**Work item:** Reproduce every entry word for word. Drop all pictures from the copy.

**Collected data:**

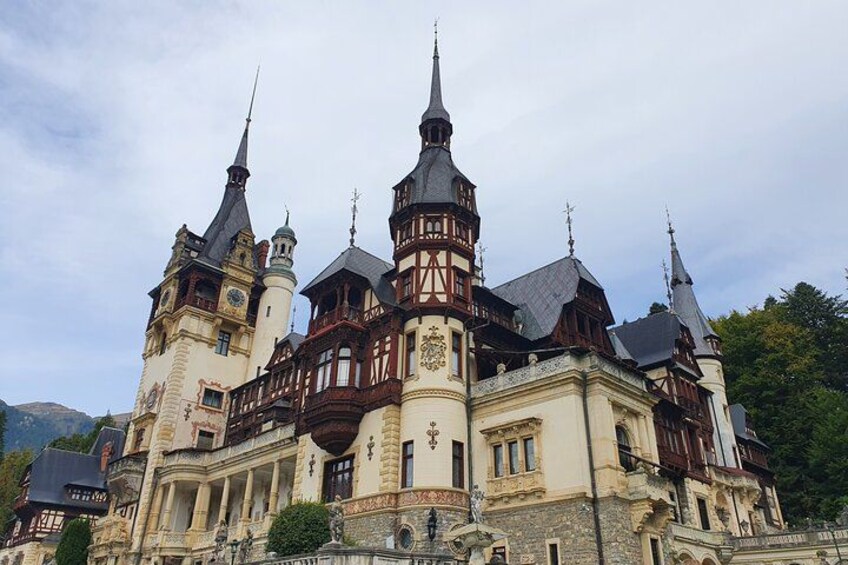 Executive Dracula Day Trip - See Bran & Peles Castle, Brasov from Bucharest 1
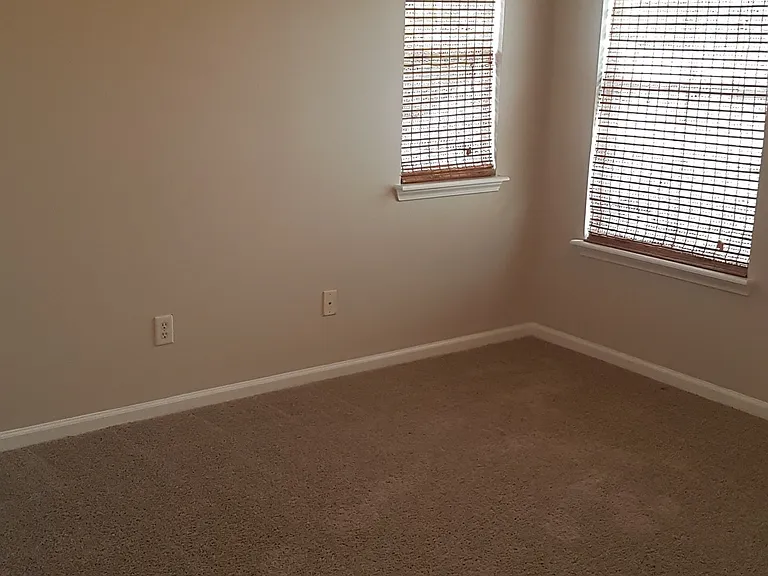 6319 Endelstow Ln — Photo 34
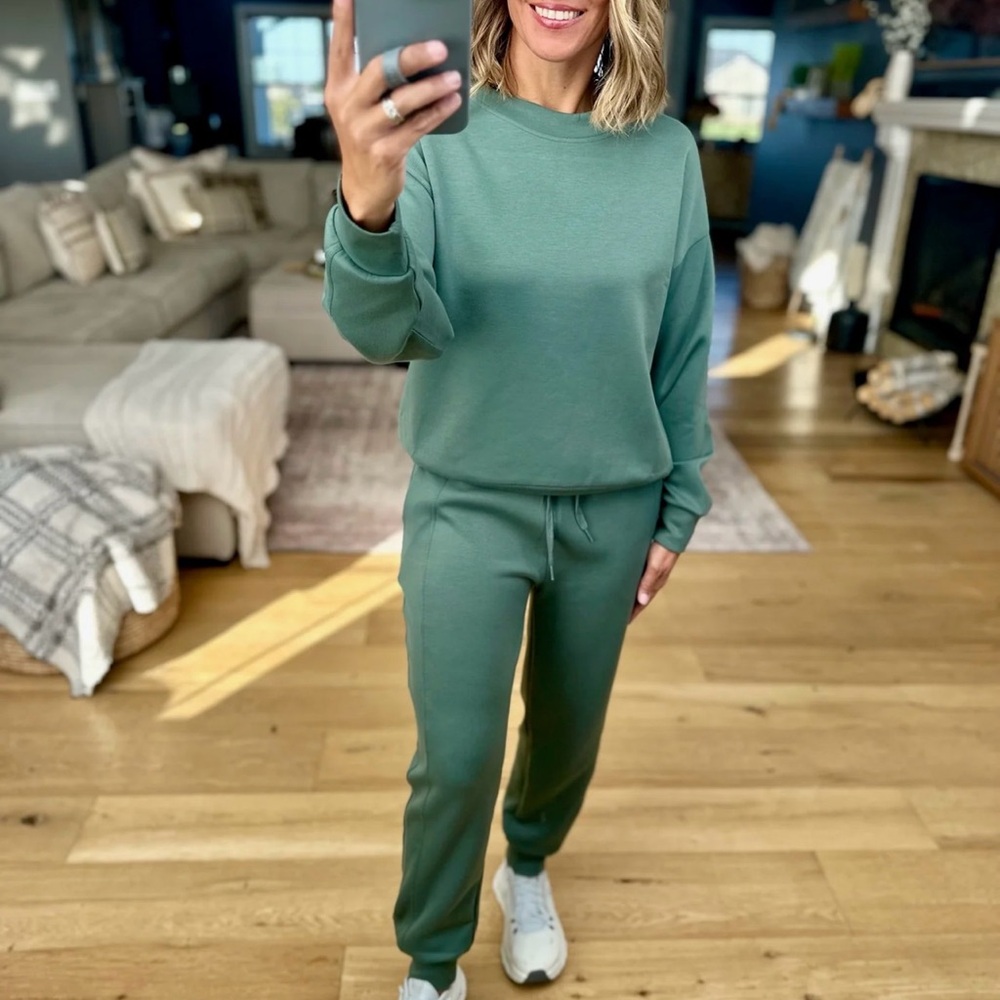 Zenana Outfitters Sage Green Scuba Crew + Jogger Set Size XL NWT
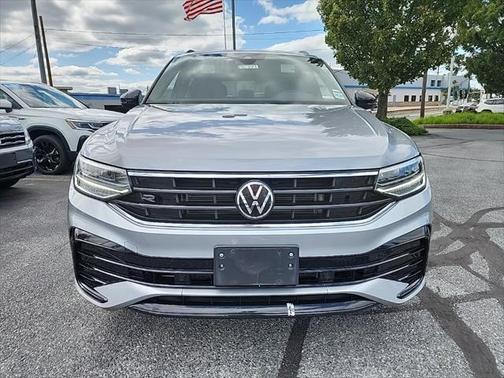 2023 Volkswagen Tiguan 2.0T SE R-Line Black 4MOTION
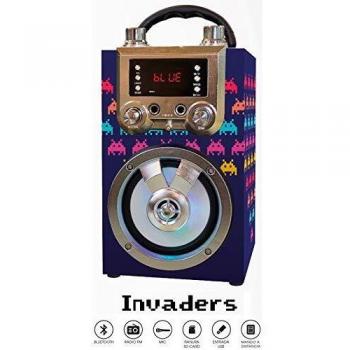 Altavoz portátil con función Bluetooth y Karaoke. Cuenta con Pantalla LED y Luces Disco. Incluye micrófono, Mando a Distancia y Adaptador de Carga USB. Disponible en 4 Divertidos Modelos.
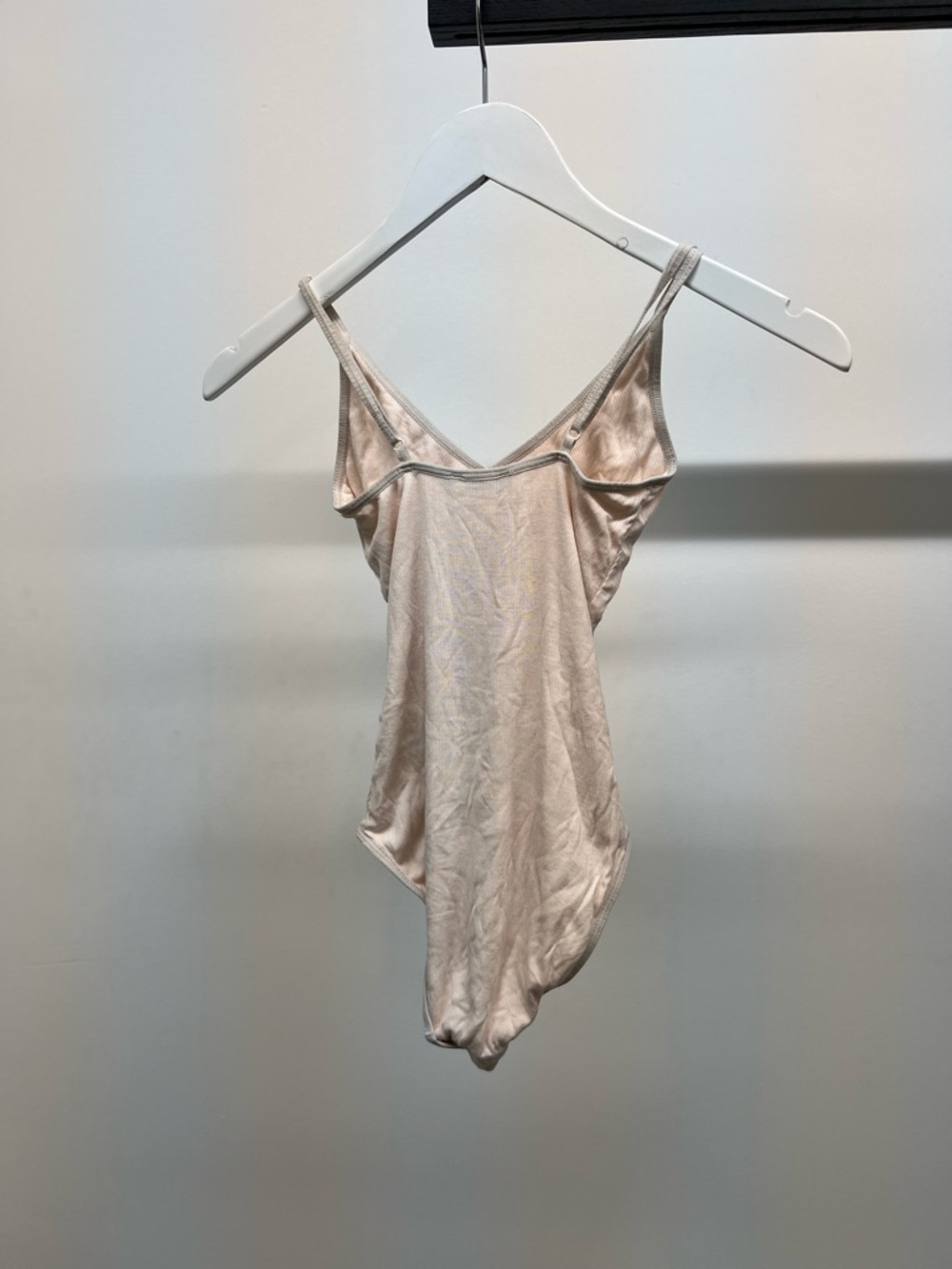Talula Light Pink Ribbed V-Neck Bodysuit - Picture 5 of 5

**Result:**
 Executive Dracula Day Trip - See Bran & Peles Castle, Brasov from Bucharest 1
 6319 Endelstow Ln — Photo 34
 Zenana Outfitters Sage Green Scuba Crew + Jogger Set Size XL NWT
 2023 Volkswagen Tiguan 2.0T SE R-Line Black 4MOTION
 Altavoz portátil con función Bluetooth y Karaoke. Cuenta con Pantalla LED y Luces Disco. Incluye micrófono, Mando a Distancia y Adaptador de Carga USB. Disponible en 4 Divertidos Modelos.
Talula Light Pink Ribbed V-Neck Bodysuit - Picture 5 of 5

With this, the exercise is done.